JAKARTA - Krisis properti di China bisa menjadi ancaman ekonomi global? Saat ini industri properti di China mengalami krisis.
Banyak pengembang properti tidak bisa melanjutkan pembangunan yang diakibatkan oleh pembatasan pinjaman kepada lembaga keuangan.
Hal tersebut merupakan turunan dari kebijakan yang disebut tiga garis merah. Tujuannya untuk mengempeskan gelembung properti di China yang sudah terjadi selama beberapa dekade belakangan.
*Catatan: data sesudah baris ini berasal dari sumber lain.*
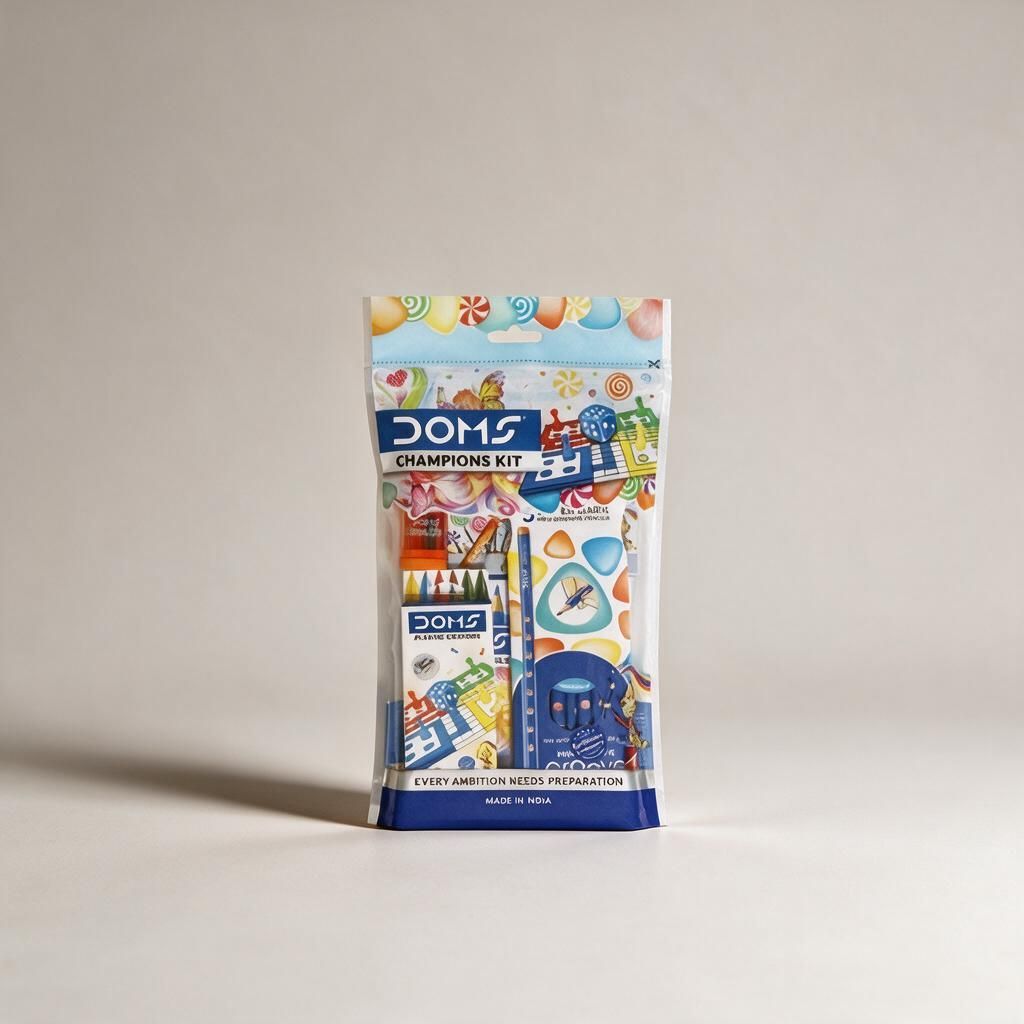 طقم قرطاسية DOMS Champions Kit للرسم والكتابة
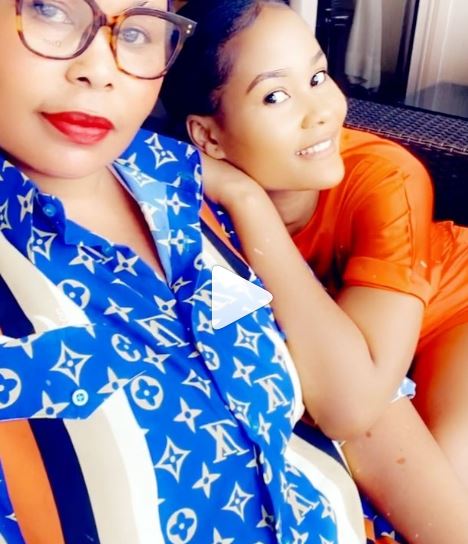 Hamisa Mobetto with her mother Shufaa Lutigunga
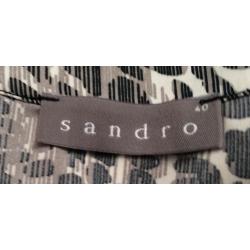 Sandro blouse panterprint - xs - 34 - nieuw 200,-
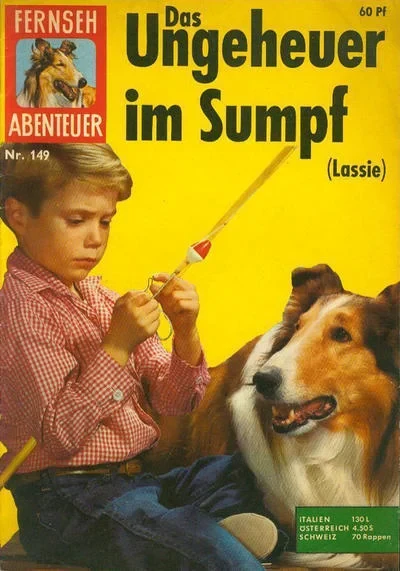 Cover of Das Ungeheuer in Sumpf (Lassie)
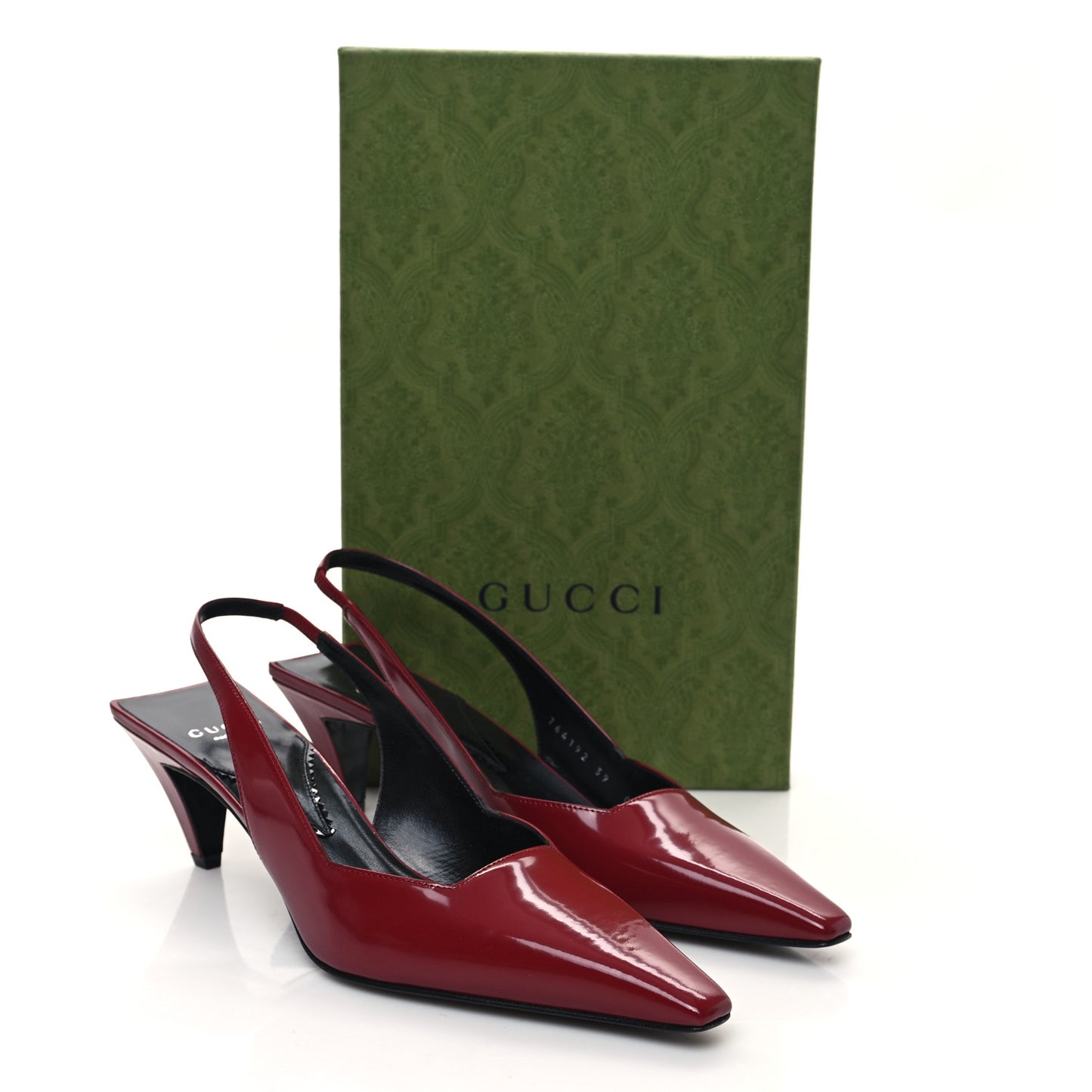 Nappa Mallory Pointed Toe Slingback Sandal 39 New 39 New Cherry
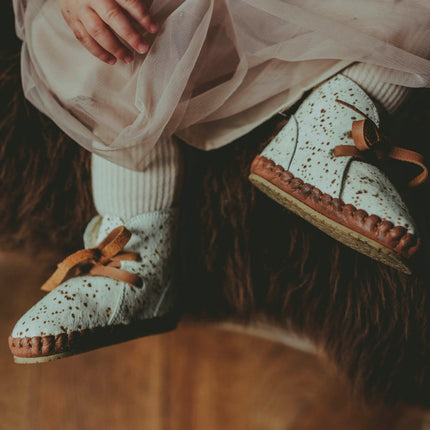 Pina Exclusive Booties | Bambi Spotted Cow Hair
BACA JUGA: Intip Kinerja Saham Emiten Properti di Tengah Kenaikan Suku Bunga BI
Kebijakan tersebut memiliki tujuan ganda, pertama mengurangi ketergantungan ekonomi yang berlebihan pada properti dan meredam spekulasi yang membuat harga rumah di luar jangkauan banyak orang di kelas menengah.
Managing Director Teneo, Perusahaan Analisis Risiko, Gabriel Wildau mengatakan, krisis properti yang terjadi di China merupakan ulah dari kebijakan pemerintah.
“Tekanan akut yang dialami pasar saat ini adalah akibat langsung dari pembatasan pinjaman yang sangat kejam kepada pengembang yang diberlakukan sekitar satu setengah tahun yang lalu.” kata Gabriel dikutip Al Jazeera, Kamis (6/10/2022).
Melalui kebijakan tiga garis merah, pengembang diharuskan untuk memenuhi penanda kesehatan keuangan yang ketat, termasuk batas 100% pada utang bersih terhadap ekuitas, untuk meminjam dari bank dan lembaga keuangan lainnya.
Banyak pengembang, ternyata, telah beroperasi jauh di luar tiga garis merah dan dibebani dengan utang yang sangat besar. Tiba-tiba tidak dapat meminjam di bawah aturan baru, maka muncul krisis krisis keuangan.